Mensagens, depoimentos e informações sobre a história da Joyce

Arquivo para janeiro, 2012

Do Livre Arbítrio e das provas…uma aula!

A partir da página 111 do livro há uma explicação clara e esclarecedora sobre “provas” e sobre o Livre Arbítrio.  Vale a pena reproduzir um pequeno trecho, o que faço à seguir:

O livre arbítrio é considerado um dos principais fatores de evolução humana, só com o exercício do livre arbítrio o homem pode realmente evoluir, e se tu dás provas, e aqui, quando eu digo provas, eu me refiro a provas incontestáveis, provas científicas, da existência de um mundo espiritual, da comunicação com espíritos, tu tiras da humanidade toda um dos principais alvos do livre arbítrio, o de escolher uma fé, uma filosofia, uma religião, ou até o ateísmo, pois se fosse cientificamente provada a comunicação com espíritos, isso destruiria todas as religiões que não acreditam nisso, que são muitas, e destruiria também o ateísmo. E tu perguntarias: mas isso não seria bom? E eu responderia: seria ótimo, se acontecesse por mérito da humanidade e através de seu livre arbítrio, não por imposição de uma prova científica.
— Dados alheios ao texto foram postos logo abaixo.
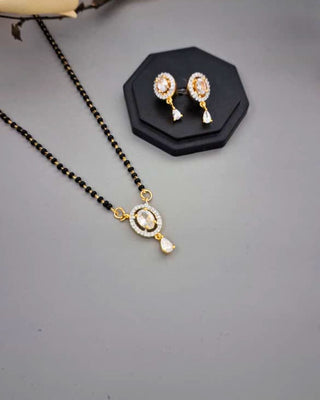 Jewelry set with necklace and earrings on a gray background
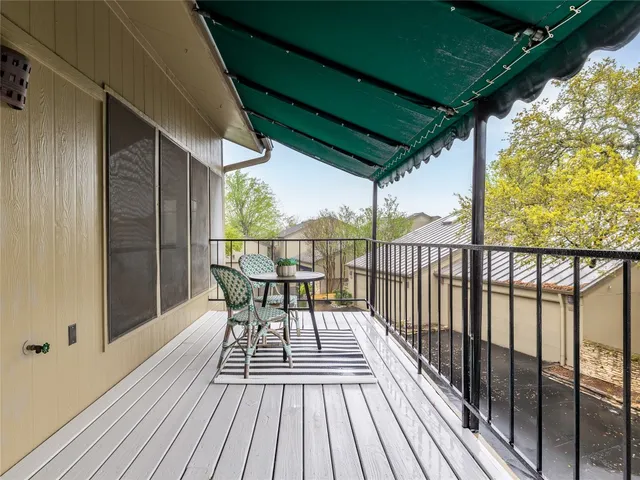 a view of a balcony with furniture and wooden floor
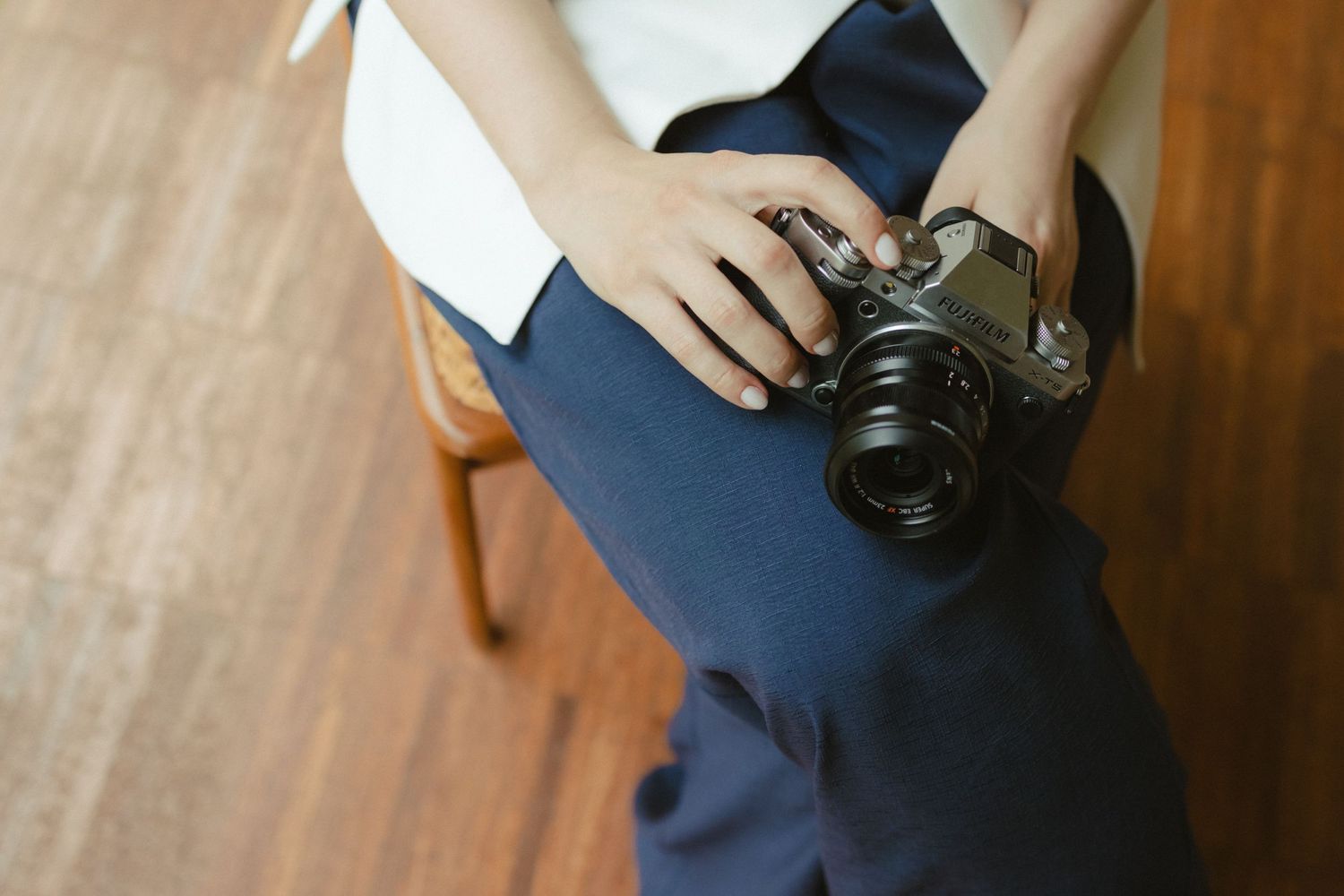 camera vintage but tech, wood chair and wood floor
O ateísmo e as diversas religiões são como os diversos graus de nossa escola, desde o maternal, jardim da infância, pré, ensino fundamental, ensino médio, ensino superior, especialização, mestrado, doutorado, pós-doutorado e cada um têm que usar seu livre arbítrio pra progredir rápido ou devagar nesses “estudos”, sem provas, só através da fé. O pós-doutorado, na Terra, seria uma Filosofia Espiritualista Ecumênica Arreligiosa.

É uma aula!

Cada vez que re-lemos o livro encontramos trechos que nos chamam a atenção, antes despercebidos. Espero que curtam as suas “re-leituras”!

Fiquem na Luz!

Luiza.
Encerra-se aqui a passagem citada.